After becoming one of the few companies ever to hit a trillion-dollar market cap — right in the middle of the pandemic — the company sought a new direction in the form of the metaverse, rebranding from Facebook to Meta in the process. While it would be unfair to apportion blame for Meta's current predicament to this pivot, the company has been throwing a lot of money at a project that is nowhere near ready for prime time, with critics arguing that it was losing focus of its core business in pursuit of something that is a long way off from happening, if it happens at all.
Meta's market cap has fallen to around $250 billion today, a figure the company last saw in 2015 when it was at the height of its ascendency. The company posted its first-ever quarterly decline back in June, before confirming it was freezing its hiring plans as part of broader cost-cutting measures, with its revenue dip continuing into the following quarter too.
What's interesting, perhaps, is that Zuckerberg barely acknowledges the metaverse at all in his open letter, other than to affirm that it's a "long-term vision" that remains one of its "high priority growth areas.
Of course, there's little indication here that this ye olde Meta ship — under the stewardship of Zuckerberg — is set to change its course any time soon. He said redundancies would hit both "Family of Apps" (i.e. Facebook, Instagram, and WhatsApp) and Reality Labs, the VR and AR unit pushing its metaverse mission, but it is unclear which divisions will feel the force most: "some teams will be affected more than others," he said.

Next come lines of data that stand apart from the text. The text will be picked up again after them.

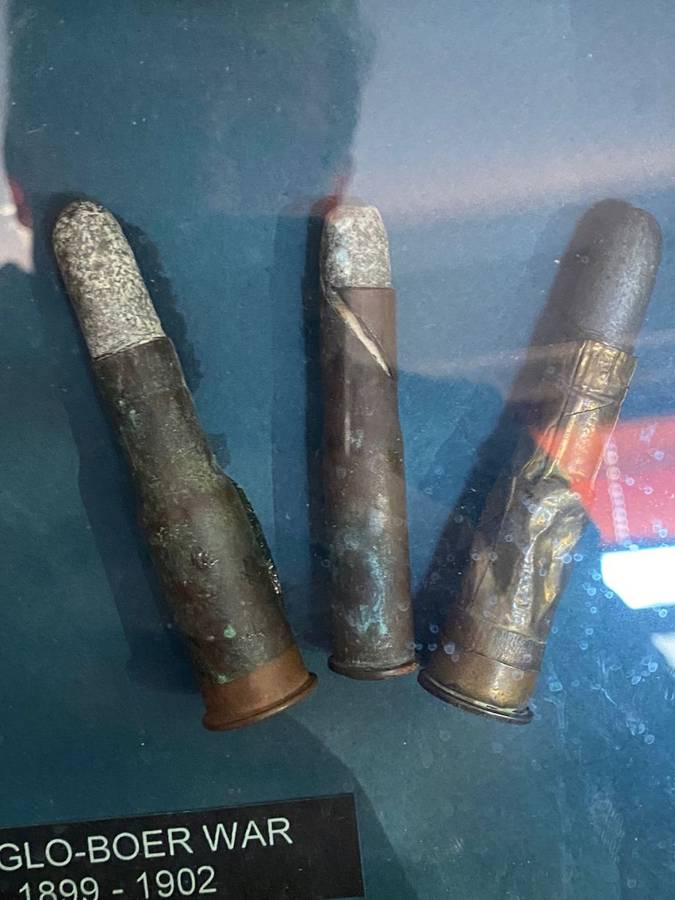 FRAMED ANGLO BOER WAR 1899-1902 BULLETS-MARTINI HENRY + MAUSER- FRAME MEASURES 25,5X20CM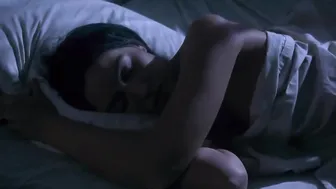 Romane Bohringer, Monica Bellucci - L'appartement (1996)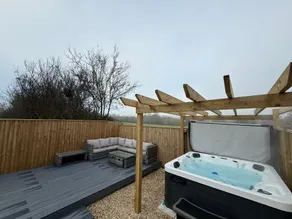 2 Bedroomed Bungalow with Large Hottub - Image 4
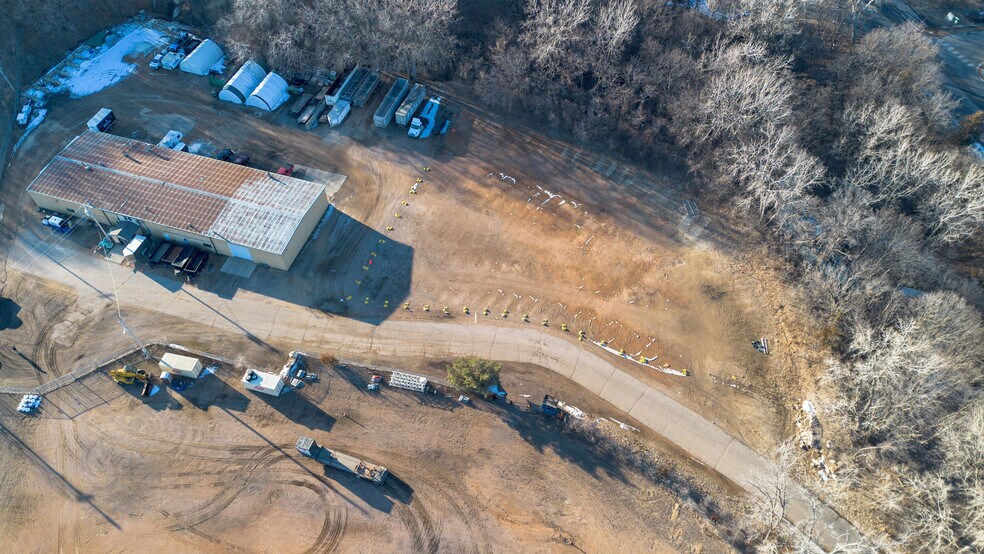 More Photos Of 525 Creekridge Dr, Chaska Light Manufacturing For Sale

In a separate SEC filing accompanying today's announcement, Meta said that it expected reality labs' operating losses in 2023 to "grow significantly year-over-year." Perhaps that is a sign that Meta continues full throttle on the metaverse as it continues with a capex plan for 2023 still in the range of $34-$37 billion.
The Great Reset
In truth, a number of factors have gone into Meta's decline. Apple's App Tracking Transparency (ATT) framework rolled out last year and indeed hit Meta's advertising revenue as the company predicted, with Apple's own ads business benefiting as a result. And the rise of relative newcomers such as TikTok has also influenced where advertisers choose to spend their money.

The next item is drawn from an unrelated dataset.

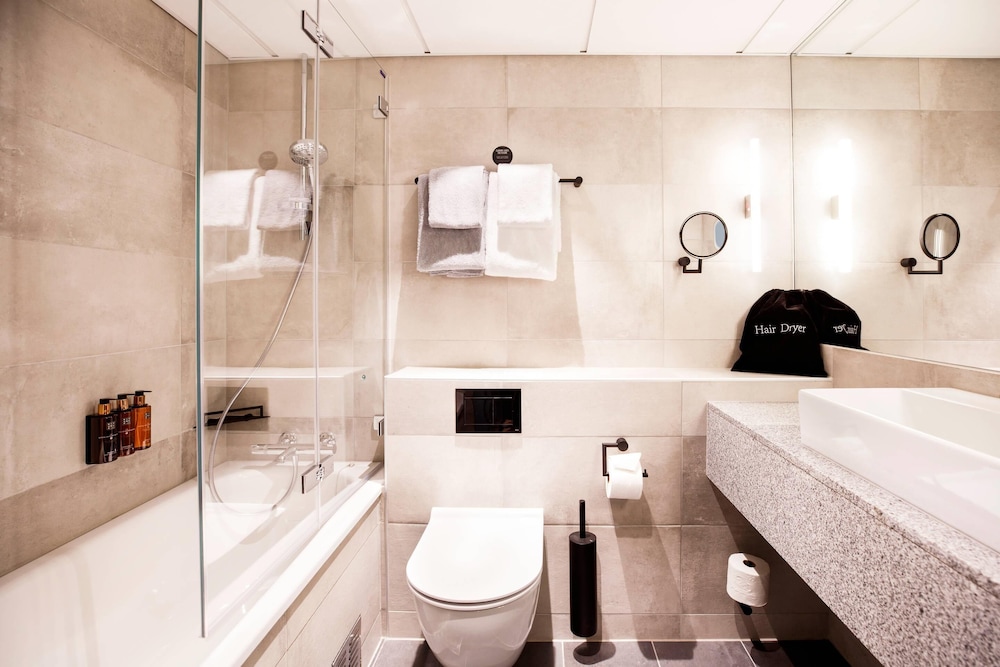 Clarion Hotel The Hub — Hotel rooms in Oslo, Oslo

But the elephant in the room here is the impact of the so-called Great Reset, a phenomenon we’ve seen in countless other places where companies that went in too deep off the back of a pandemic-driven surge in revenues were brought back down to Earth with a jolt when the boom subsided. And this is precisely where Mark Zuckerberg says Meta went wrong too, compounded by the broader economic downturn.
At the beginning of Covid, the world quickly went online and the rise of ecommerce led to outsized revenue growth," Zuckerberg wrote. "Many people predicted that this would be a permanent acceleration that would continue long after the pandemic ended. I did too, so I decided to significantly accelerate our investments. Unfortunately, this did not play out as I had hoped.". Not only has e-commerce gone back to trends it followed earlier, but macroeconomic slowdown, increased competition and loss in ads, this all resulted in much lesser revenues than I could have ever expected. I made a mistake and am accountable for that." End
Layoffs aside, Meta also said it is reviewing its infrastructure spending to optimize its capacity efficiency, as it looks to "shrink its real estate footprint," which means more desk-sharing for employees who rarely visit an office. What's more, its hiring freeze will now extend into early 2023, with only "a small number of exceptions.

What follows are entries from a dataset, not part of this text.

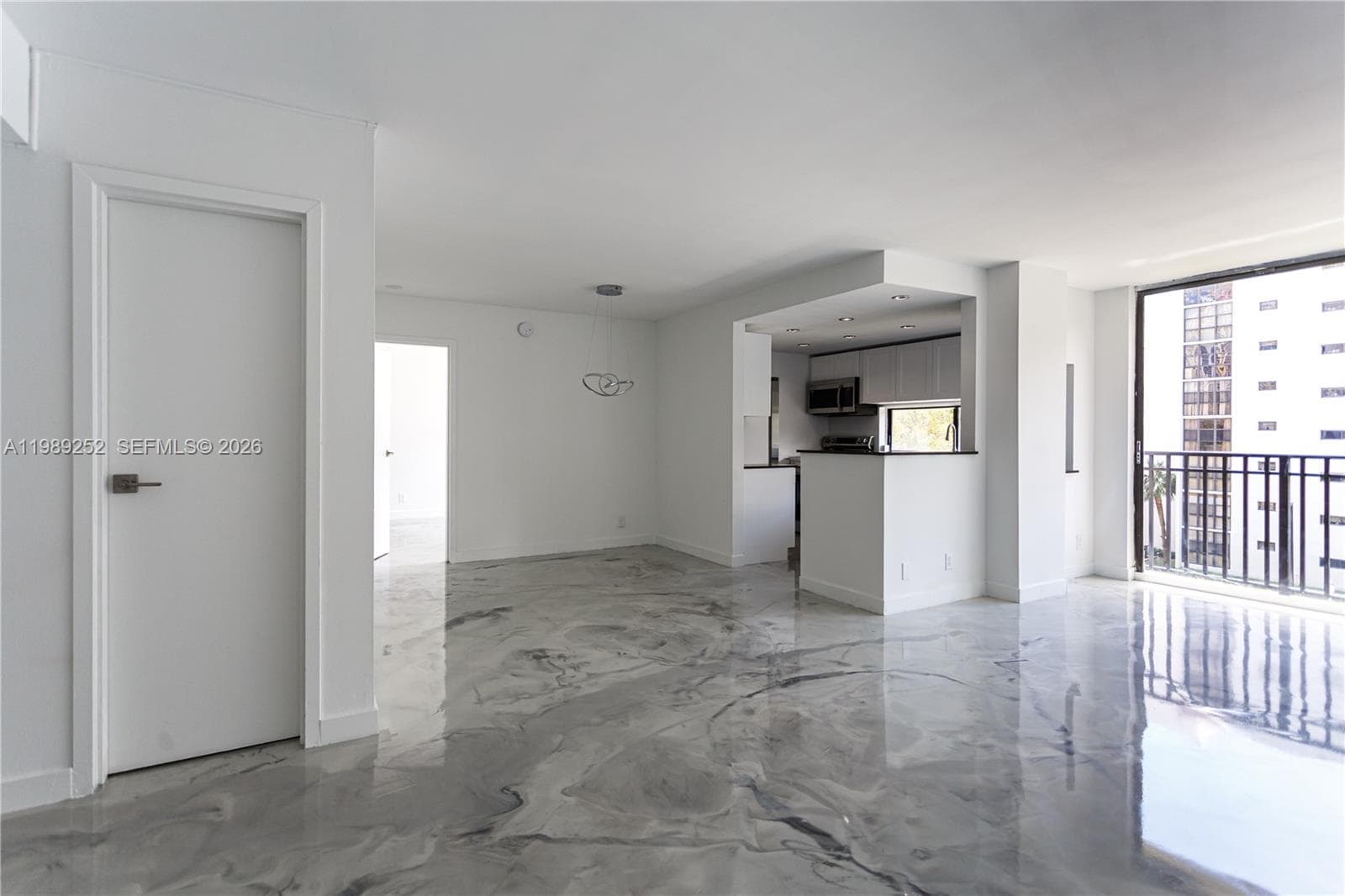 Plaza Of Americas Condo P, Sunny Isles Beach, FL — 4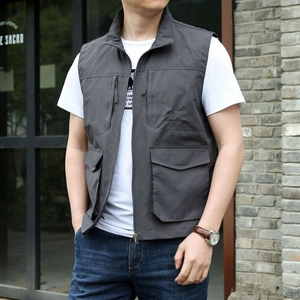 Men's outdoor leisure vest with multiple pockets and stand collar in gray polyester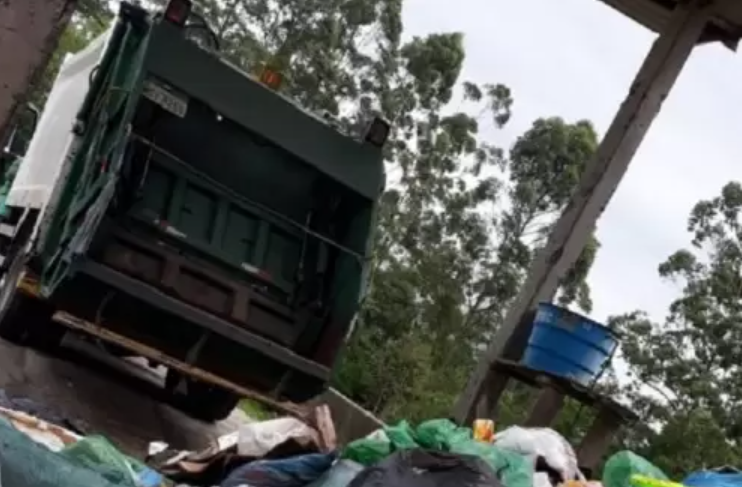 Prefeito de Ituporanga busca referência para novo contrato de recolhimento de lixo no município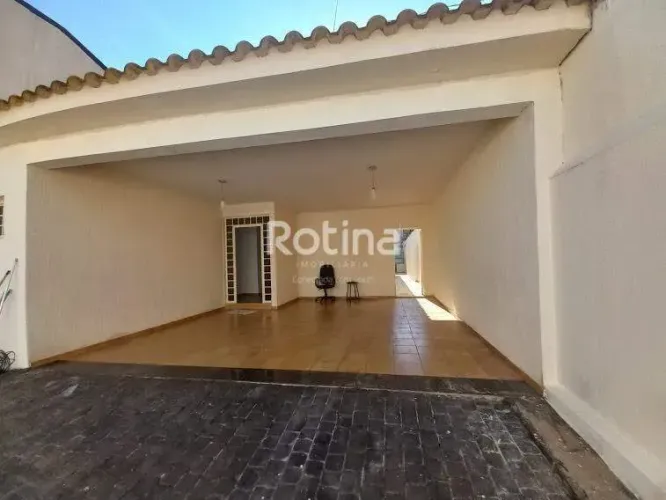 Casa para alugar, 3 quartos, Santa Mônica - Uberlândia/MG - Rotina Imobiliária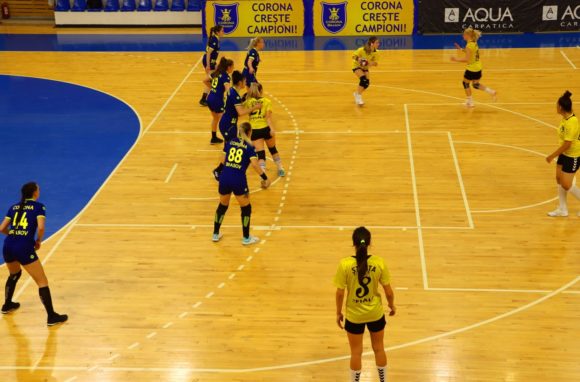 Corona Brașov: Staff-ul tehnic și  managerul sportiv al echipei de handbal senioare au fost sancționați în urma rezultatelor nesatisfăcătoare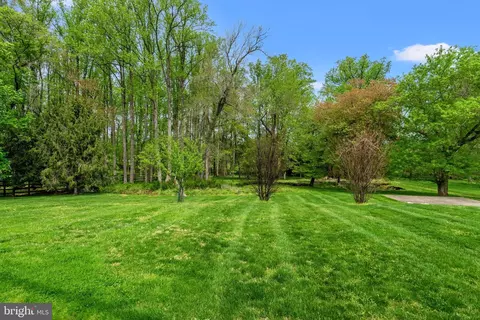 Exterior - 10521 Alloway Dr, Potomac, MD 20854 photo 17 of 24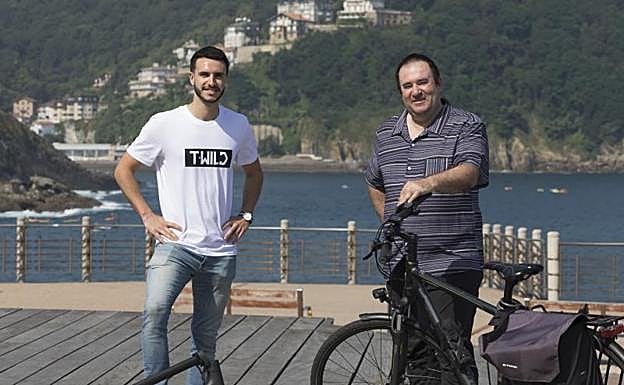 Mikel Izurieta y Oscar Padura posan junto a sus transportes eléctricos en el Paseo Nuevo de Donostia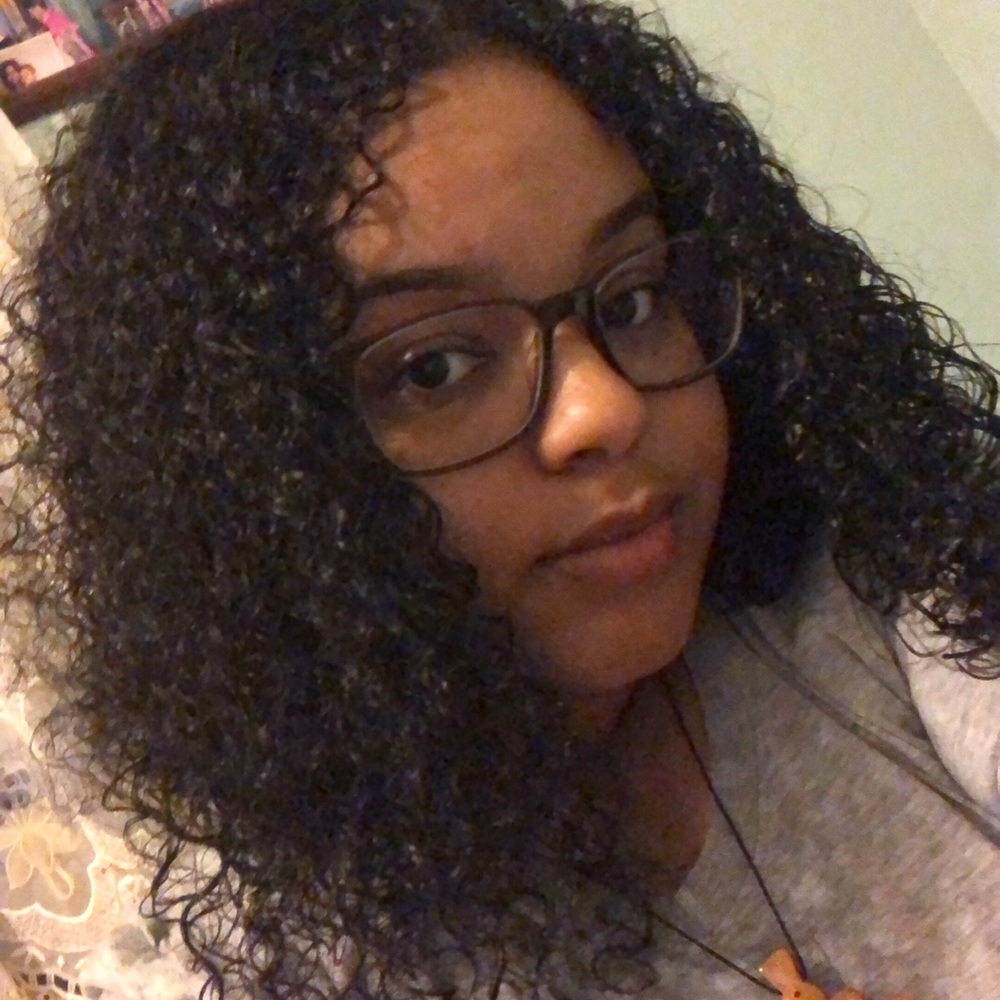 Meet your Posher, Milena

"I am going to monitor our business performance, operational efficiency and other macroeconomic factors and see whether we should start hiring and how much at that time," wrote Zuckerberg. "This would enable us to better control the cost structure if this economic recovery does not sustain. This would also position us toward having an efficient cost structure than what we communicated recently to investors.